In a FDAVoice blog post, CBER Director Peter Marks discusses the new designation for cell therapies that treat life-threatening diseases.
Peter Marks, MD, PhD, director of the Center for Biologics Evaluation and Research (CBER) announced in a FDAVoiceblog post, dated March 21, 2017, that the Regenerative Medicine Advanced Therapy (RMAT) Designation program had begun receiving designation requests from industry. The RMAT designation was created to help foster the development and expedite the approval of regenerative medicines that treat life-threatening diseases. Regenerative medicines include cell therapies, therapeutic tissue engineering products, human cell and tissue products, and combination products.
Sponsors requesting RMAT designation can do so with or after submission of an investigational new drug application. The designation gives sponsors earlier interactions with FDA, and the application may receive priority review and accelerated approval.
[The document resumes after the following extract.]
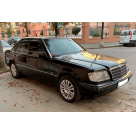 Дефлекторы окон Mercedes E-class W124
According to Marks, “meetings with sponsors of RMAT-designated products may include discussions of whether accelerated approval would be appropriate based on surrogate or intermediate endpoints reasonably likely to predict long-term clinical benefit, or reliance upon data obtained from a meaningful number of sites.”
FDA may permit fulfillment of post-approval requirements under accelerated approval once a product receives RMAT designation. This fulfillment would come through “the submission of clinical evidence, clinical studies, patient registries, or other sources of real-world evidence such as electronic health records; through the collection of larger confirmatory datasets; or through post-approval monitoring of all patients treated with the therapy prior to approval.”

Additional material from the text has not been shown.